ASSIGNED TASK – Without the pictures, write the listing out again exactly as it appears.

DATASET EXCERPT –
┌──
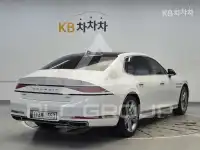 2022 Genesis G90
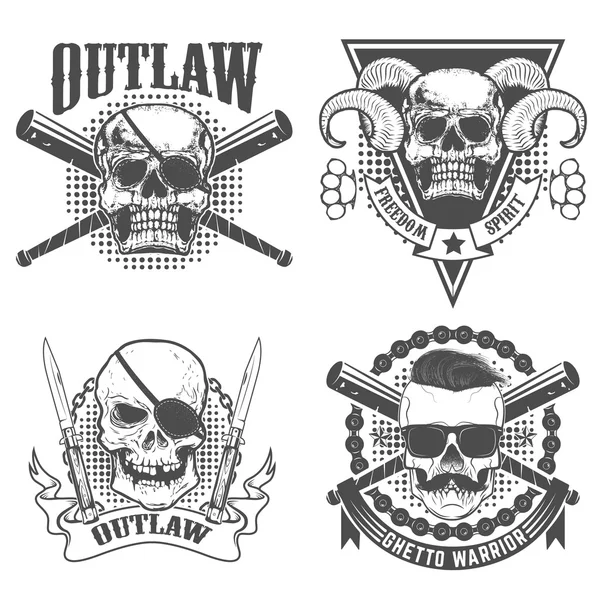 Conjunto de plantillas de emblemas gangsta. Cráneo con dos cuchillos cruzados — Archivo Imágenes Vectoriales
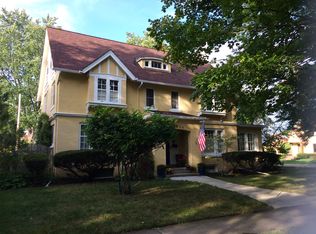 1204 N Genesee Dr, Lansing, MI 48915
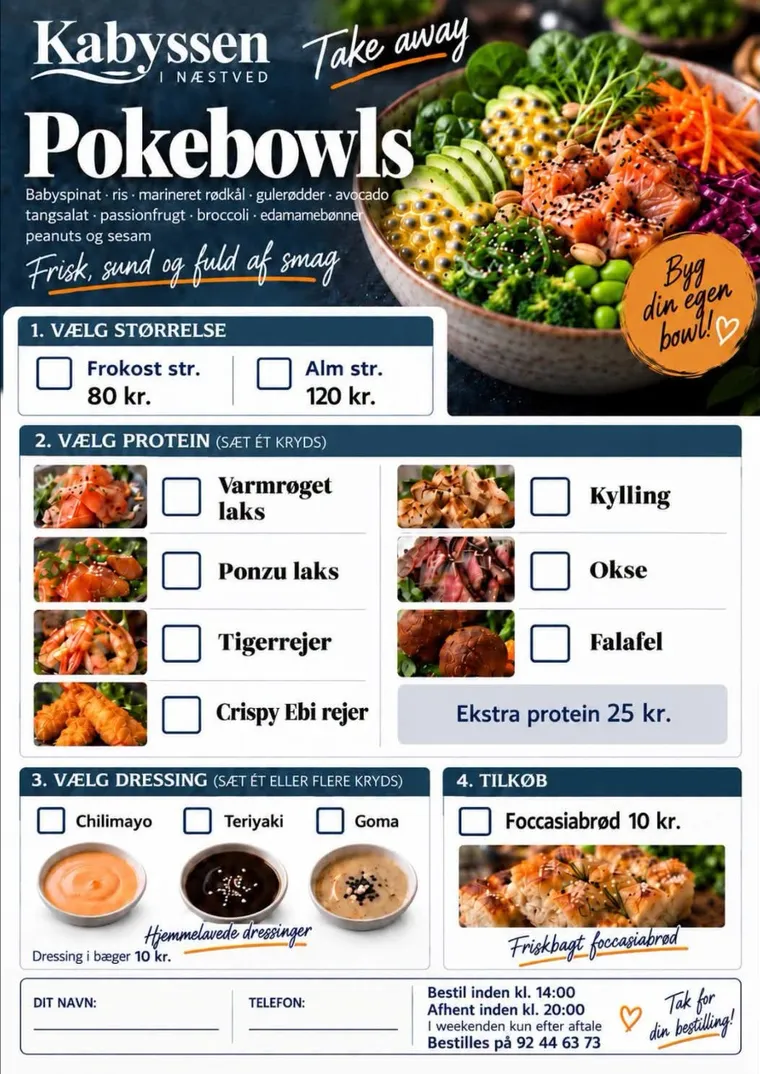 Menukort for poke bowls: Frokoststørrelse 80 kr., almindelig størrelse 120 kr. Vælg ét protein (varmrøget laks, ponzu laks, tigerrejer, crispy ebi rejer, kylling, okse eller falafel), ekstra protein 25 kr. Hjemmelavet dressing (chilimayo, teriyaki eller goma) 10 kr. pr. bæger. Friskbagt focacciabrød 10 kr.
└──
RESULT OF THE TASK –
 2022 Genesis G90
 Conjunto de plantillas de emblemas gangsta. Cráneo con dos cuchillos cruzados — Archivo Imágenes Vectoriales
 1204 N Genesee Dr, Lansing, MI 48915
 Menukort for poke bowls: Frokoststørrelse 80 kr., almindelig størrelse 120 kr. Vælg ét protein (varmrøget laks, ponzu laks, tigerrejer, crispy ebi rejer, kylling, okse eller falafel), ekstra protein 25 kr. Hjemmelavet dressing (chilimayo, teriyaki eller goma) 10 kr. pr. bæger. Friskbagt focacciabrød 10 kr.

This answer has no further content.